Nicolas Niemtchinow rappelle que la préoccupation du gouvernement français est de promouvoir l’action des collectivités territoriales pour une coopération décentralisée. Il rappelle que 5000 collectivités sont engagées dans 145 pays, sur 13000 projets.
L’accès à l’énergie et à l’eau est une préoccupation. Ce qui se réalise doit se faire avec des critères de transparence. Il souligne aussi que nous sommes ici sur un lieu de synergie internationale, avec le CERN, le CIS, les institutions internationales sur Genève. Il est important de développer des démarches de concertation collectivités et société civile, partenaires publics et partenaires privés… Enfin, il souligne le rôle des femmes dans le développement de l’agriculture familiale.

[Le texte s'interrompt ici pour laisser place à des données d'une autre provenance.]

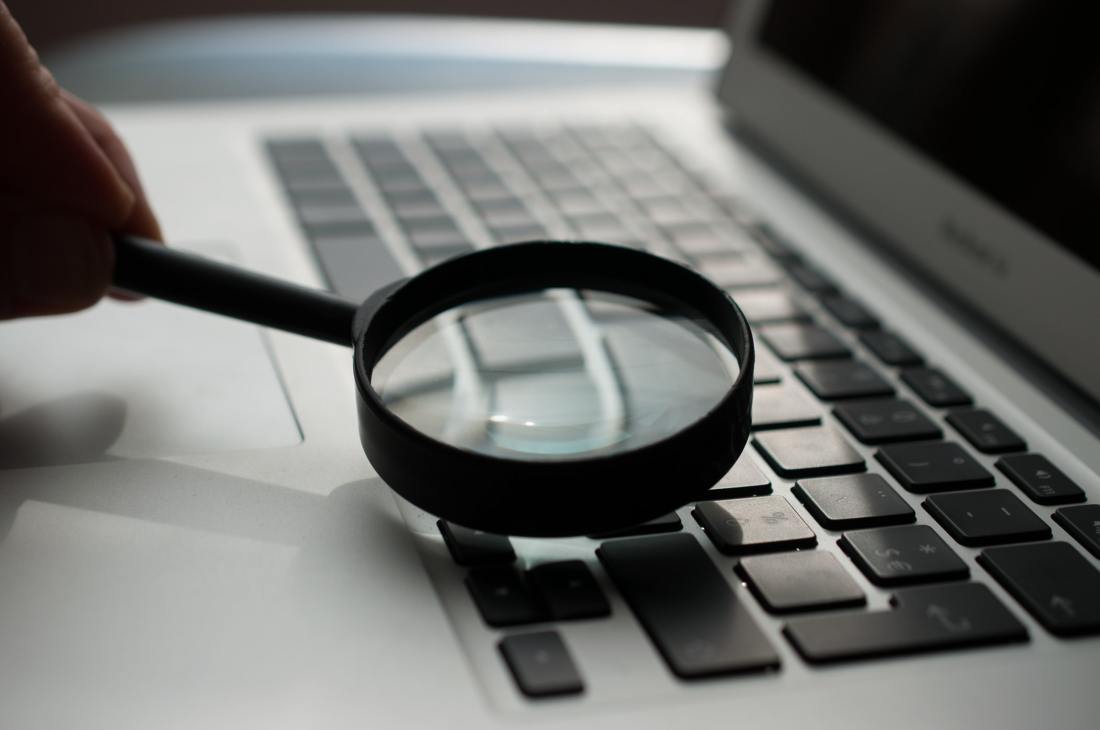 magnifyingglass_unsplash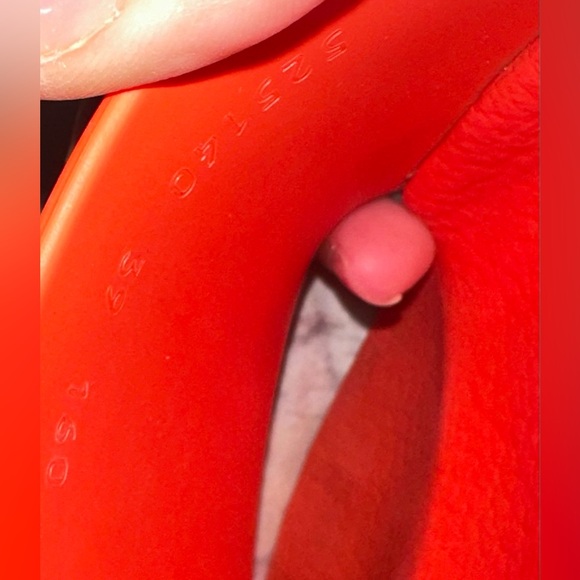 Authentic- Normal Used Women Gucci Slides - Picture 5 of 6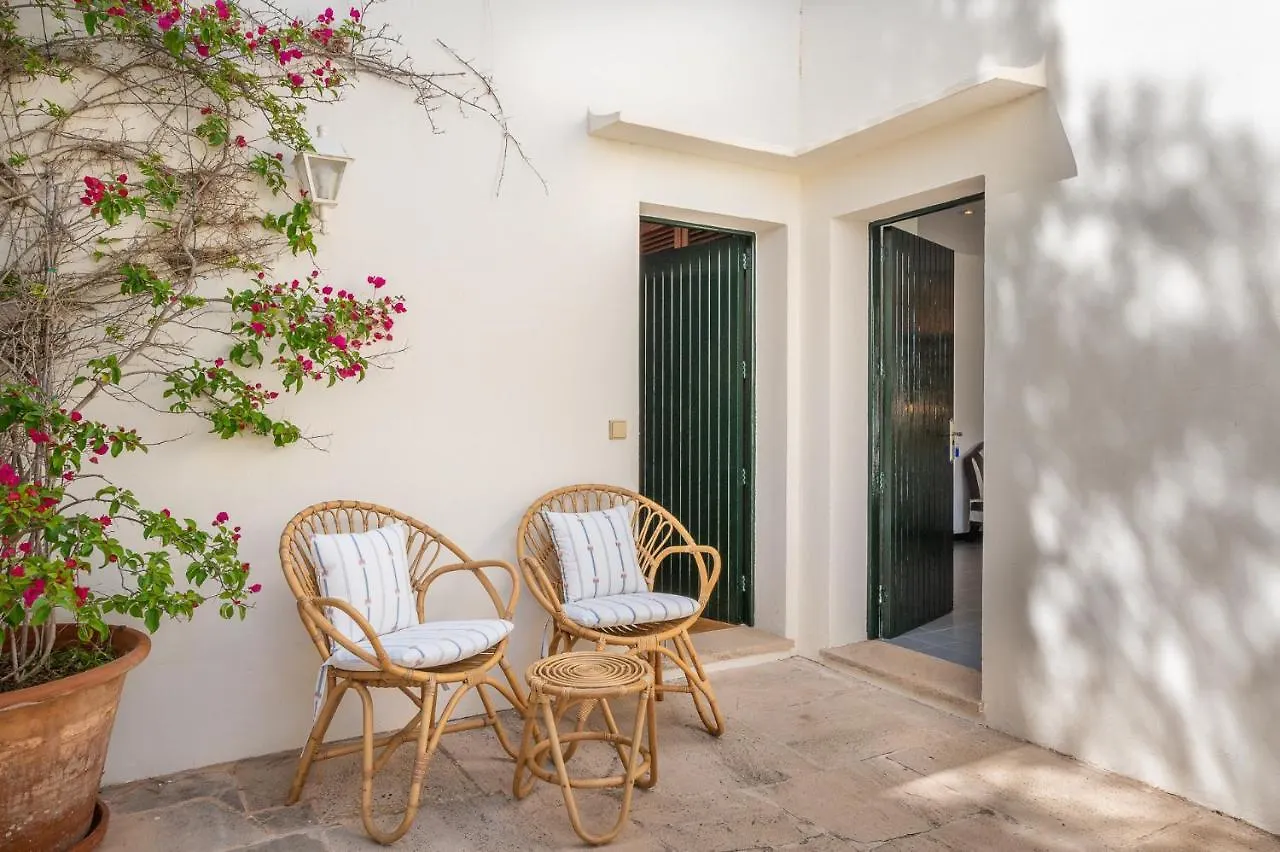 Villa Claramunda Кала де Ор 0*,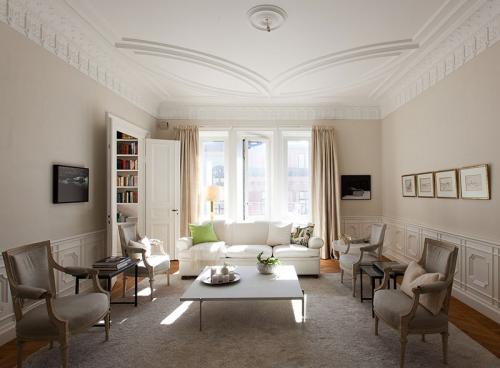 Квартира с библиотекой и столетними фаянсовыми печами 07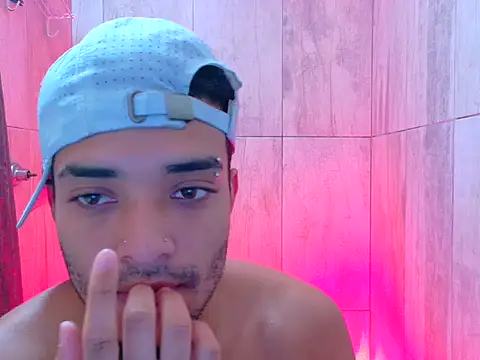 Snapshot of eross_chipre_ chatting on 01/10/26, 07:48 eross chipre online show from 01/10/26, 07:48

Jean Ziegler, le trublion de service
Avec énergie et conviction, ils nous a enjoint à refuser cet ordre qu’il qualifie de cannibale, à mener un combat politique, en particulier en Afrique qu’il connaît bien.
Le capital financier produit une effroyable misère qui frappe près de 4 Milliards de personnes. 500 personnes possèdent près de 52% des richesses mondiales. Il s’agit là de violence structurelle qui échappe à tout contrôle et justice (que ce soit les états ou les forces syndicales). La pyramide des « martyrs » croit alors que les profits grimpent. C’est un enfant qui meurt de faim toutes les 5 secondes. Il s’agit là pour lui d’un crime organisé à grande échelle.
Le problème majeur est celui de l’accès à la nourriture, car il y a de quoi nourrir la planète.
Que se passe t-il en Afrique ?
Alors qu’il y a croissance du PIB pour certains pays, de par les richesses du sous-sol, il y a donc une vitalité sociale pour certains ; pour les plus pauvres, la faim progresse et l’agriculture familiale est menacée du fait de l’achat de terres
Pourtant, c’est grâce à cette dernière que s’accumulent des savoirs. Le FMI et la BEI y sont pour quelque chose qui font pression sur les états pour le remboursement de la dette. C’est ainsi que des terres sont confiées à des groupes financiers et des multinationales, des contrats de location sur 99 ans. Des paysans sont expulsés, on importe des travailleurs migrants à bas coût.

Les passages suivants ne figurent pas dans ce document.